__Recorded data__:
▬▬▬▬▬▬
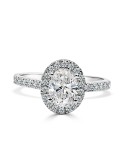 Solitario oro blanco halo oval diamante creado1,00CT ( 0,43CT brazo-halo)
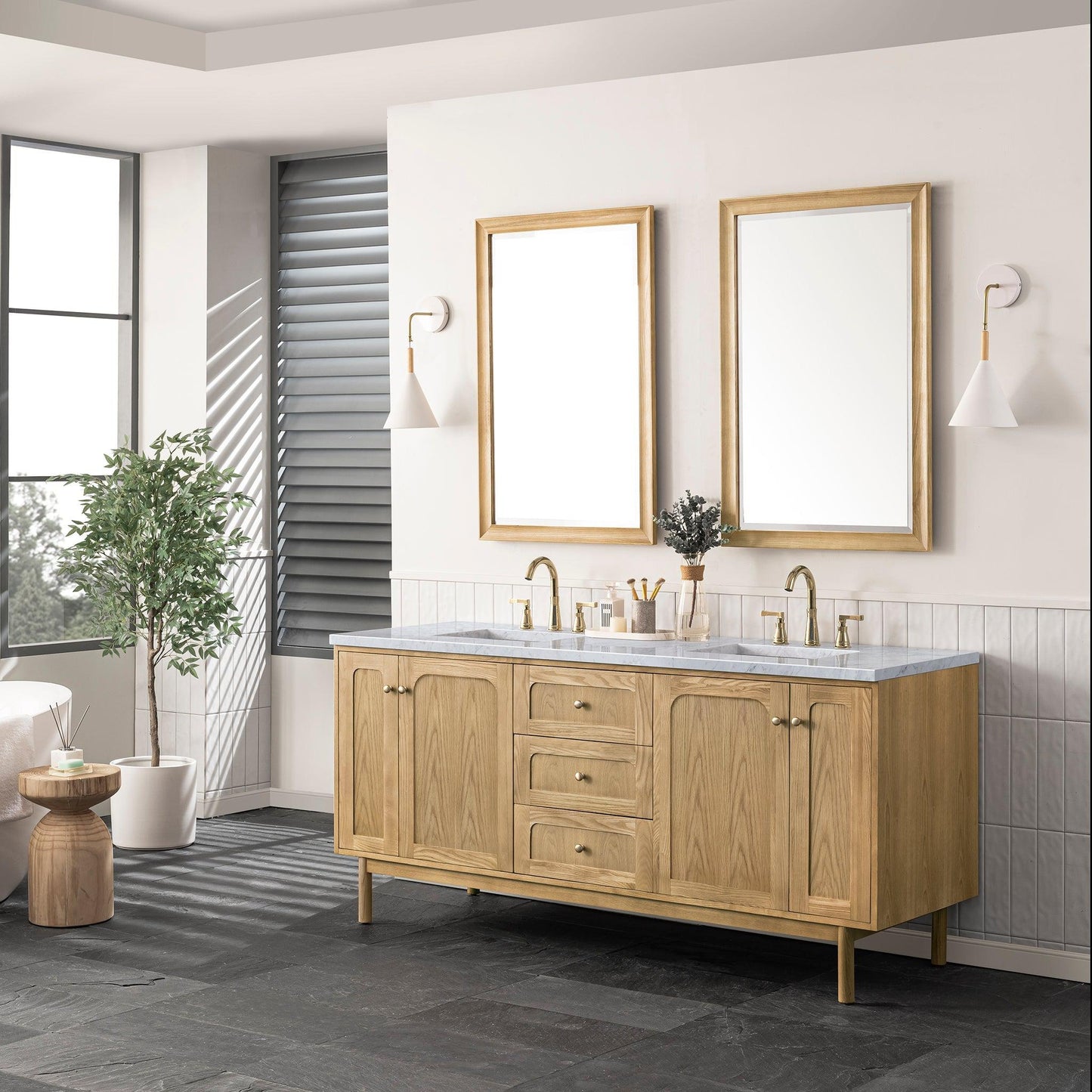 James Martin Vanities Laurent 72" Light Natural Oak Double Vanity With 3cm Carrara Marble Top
▬▬▬▬▬▬
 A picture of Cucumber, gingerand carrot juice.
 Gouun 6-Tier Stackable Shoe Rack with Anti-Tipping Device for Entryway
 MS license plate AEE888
▬▬▬▬▬▬
__Exercise prompt__:
Having found the line with "Solitario oro blanco" and the line with "James Martin Vanities" in the material above, write out exactly those two and every line between, leaving the pictures out.

__Your response__:
 Solitario oro blanco halo oval diamante creado1,00CT ( 0,43CT brazo-halo)
 James Martin Vanities Laurent 72" Light Natural Oak Double Vanity With 3cm Carrara Marble Top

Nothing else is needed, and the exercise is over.